Sankofa spent half his life on death row. He was only 17 years old when he arrived there in 1981. Then known as Gary Graham, he was framed for the murder of Bobby Lambert, a drug dealer and police informer.
Lambert was killed next to a Houston supermarket. Six thousand dollars was found on his body. Obviously, this was a contract killing, not a robbery.
So why did the cops and district attorney pin the rap on Sankofa, a convicted robber? Was it just convenient? Or was it part of a cover-up?
Six eyewitnesses said Sankofa wasn’t the shooter. Four people who said they were with him at the time of Lambert’s murder passed lie detector tests.
Two workers at the supermarket who got a good look at the killer said Sankofa wasn’t the shooter. These witnesses were never interviewed by Sankofa’s court-appointed attorney. Nor were they called to testify.
Bernadine Skillern was the main witness to identify Shaka Sankofa as the shooter of Bobby Lambert. She claimed to have seen Sankofa’s face for a few seconds through her car windshield at a distance of 30 to 40 feet.
That was enough for a jury to send the African American teenager to his death. Three of these jurors later signed affidavits saying they would have voted differently if they had known all the evidence.
Executed to get Bush elected
The hustler Malcolm Little entered Walpole State Prison in Massachusetts and left as Malcolm X. Gary Graham went to death row in Texas and died as the revolutionary Shaka Sankofa.
After changing his life and educating himself, Gary Graham took the name of the African military genius Shaka Zulu.
Even Pope John Paul II pleaded with Texas Gov. George W. Bush not to execute Sankofa. So did the Rev. Jesse Jackson and the Congressional Black Caucus.
Bush went ahead and murdered him. Sankofa’s execution was part of Bush’s election campaign for president.
This war criminal killed hundreds of thousands of people in Iraq while he was in the White House.

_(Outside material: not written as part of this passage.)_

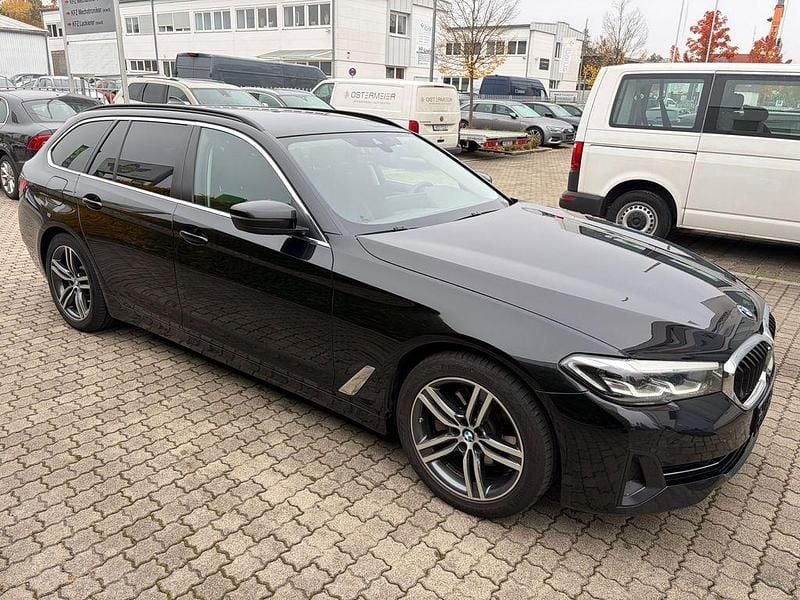 Gebraucht BMW 520 Performance 190 PS (139 kW) 2023 Schwarz Kombi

The U.S. Supreme Court would later outlaw the execution of those who had been minors when they allegedly committed murder. This 2005 ruling came too late for Shaka Sankofa and 21 other inmates who had been sent to death row as teenagers and executed between 1985 and 2003.
As he lay strapped to a gurney, with poison about to flow through his veins, Sankofa remained defiant. “They know I’m innocent,” he said. “Keep marching, Black people. They are killing me tonight. They are murdering me tonight.”
Around the world, millions of people are marching against racism and police murders in the United States.
Among those moved by Shaka Sankofa’s courage was a white cheerleader from the prison town of Huntsville. This young woman joined the protest against the execution after finishing practice.
Texas is filled with poor people — Black, Indigenous, Latinx and white. They will avenge Shaka Sankofa.